WORK TASK –
Could the data underneath be repeated exactly, in full?

DATA BELOW –
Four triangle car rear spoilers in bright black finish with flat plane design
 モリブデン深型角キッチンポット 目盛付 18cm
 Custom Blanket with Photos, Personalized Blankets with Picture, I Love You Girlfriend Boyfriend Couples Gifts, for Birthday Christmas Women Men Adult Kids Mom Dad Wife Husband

EXERCISE OUTPUT –
Four triangle car rear spoilers in bright black finish with flat plane design
 モリブデン深型角キッチンポット 目盛付 18cm
 Custom Blanket with Photos, Personalized Blankets with Picture, I Love You Girlfriend Boyfriend Couples Gifts, for Birthday Christmas Women Men Adult Kids Mom Dad Wife Husband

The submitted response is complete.